== PROVIDED DATA
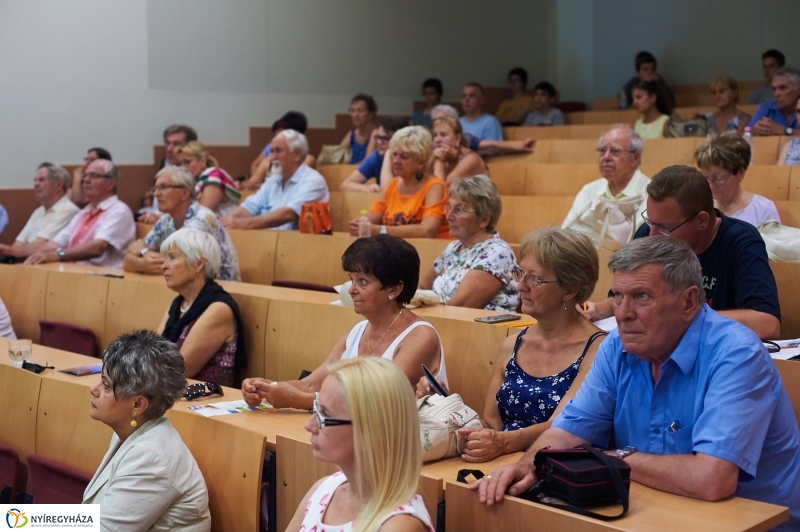 Értékes Esték-helyismereti gyűjtemény - fotó Szarka Lajos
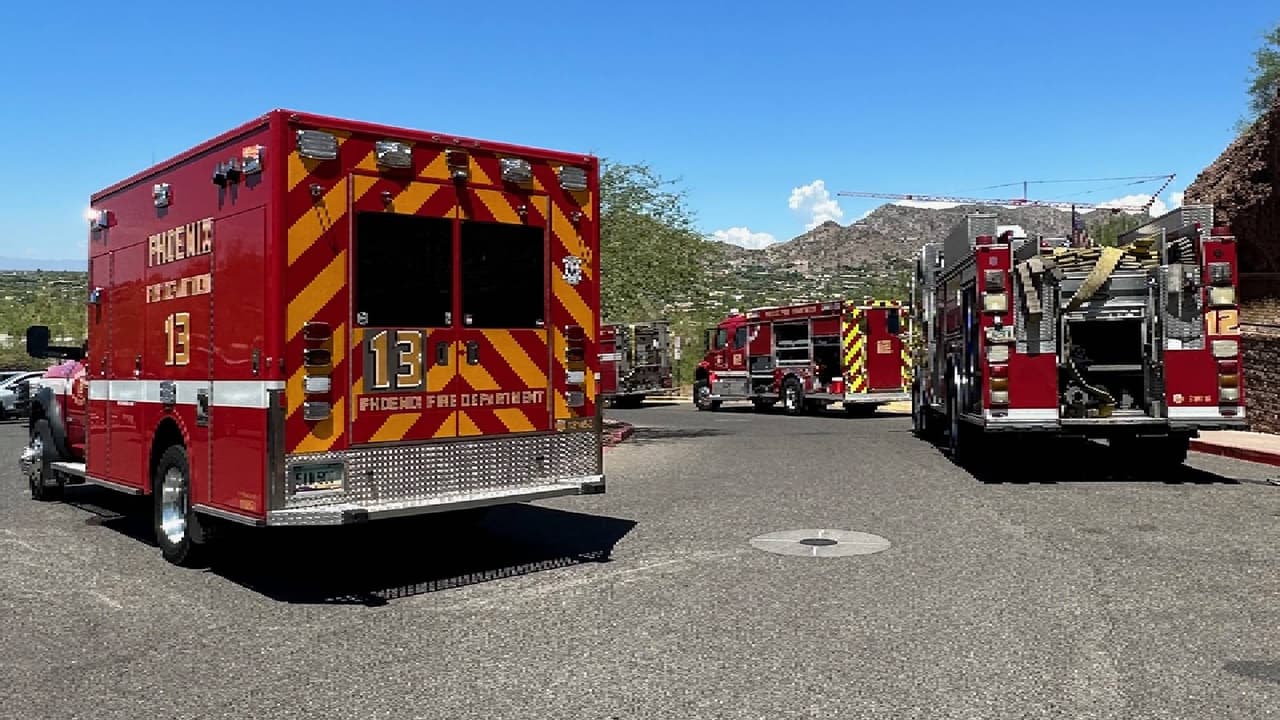 Se evaluaron sus signos vitales y se le brindó tratamiento médico básico para mejorar su condición, luego se le ayudó a bajar de la montaña donde su familia la esperaba.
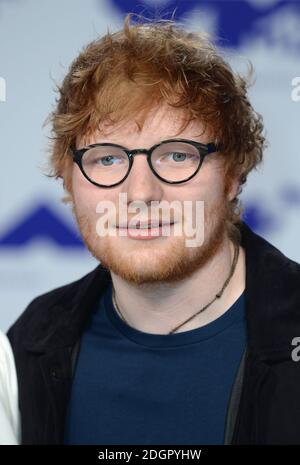 Ed Sheeran arrivando a MTV Video Music Awards 2017, tenutosi presso il Forum di Los Angeles. Foto di credito dovrebbe leggere: Doug Peters/EMPICS Entertainment Foto Stock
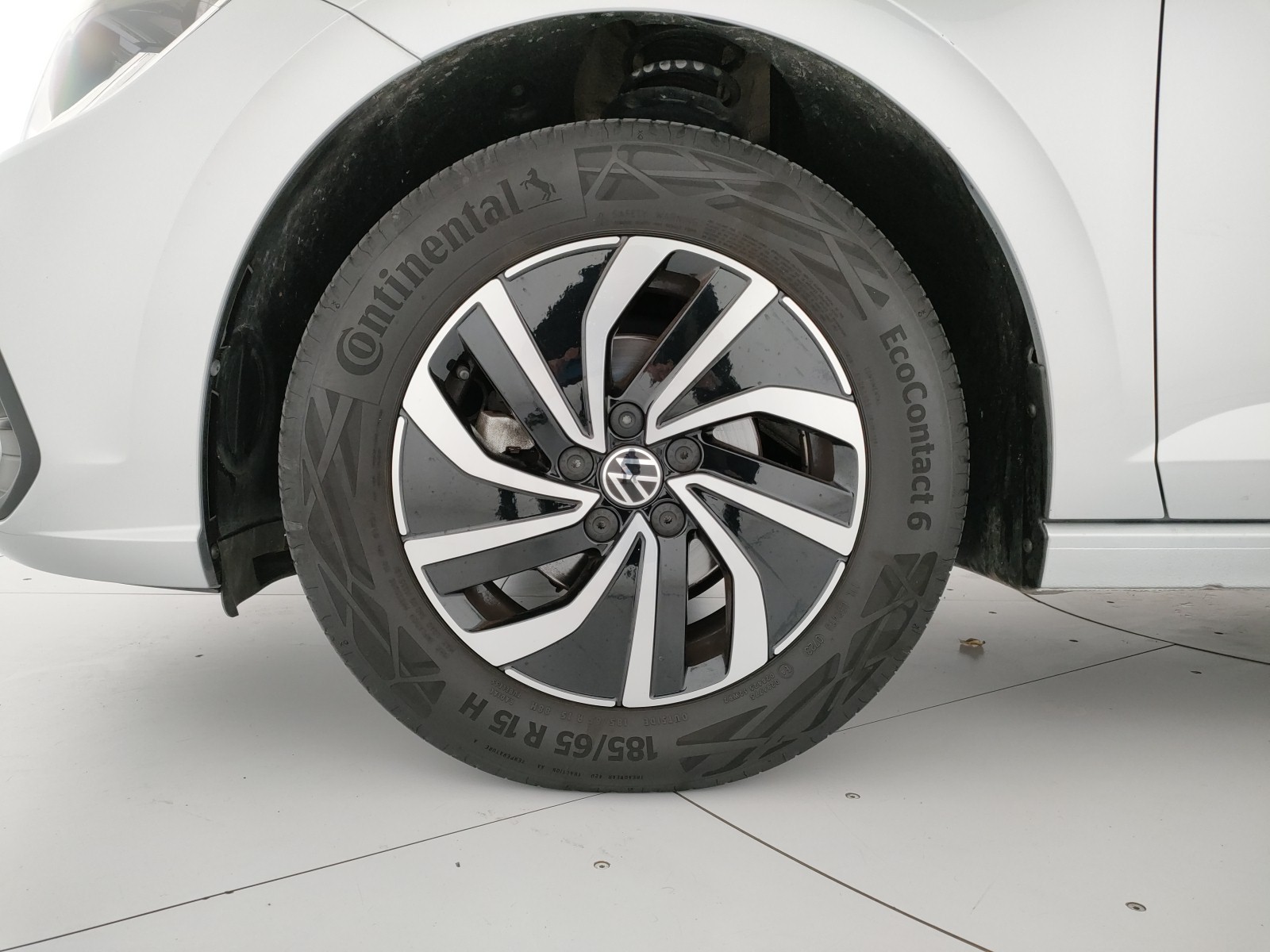 Volkswagen Polo 1.0 tsi life 95cv dsg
====
■ WHAT TO WORK ON ■
Transcribe all the data word for word; the images stay out.

■ TASK RESPONSE ■
 Értékes Esték-helyismereti gyűjtemény - fotó Szarka Lajos
 Se evaluaron sus signos vitales y se le brindó tratamiento médico básico para mejorar su condición, luego se le ayudó a bajar de la montaña donde su familia la esperaba.
 Ed Sheeran arrivando a MTV Video Music Awards 2017, tenutosi presso il Forum di Los Angeles. Foto di credito dovrebbe leggere: Doug Peters/EMPICS Entertainment Foto Stock
 Volkswagen Polo 1.0 tsi life 95cv dsg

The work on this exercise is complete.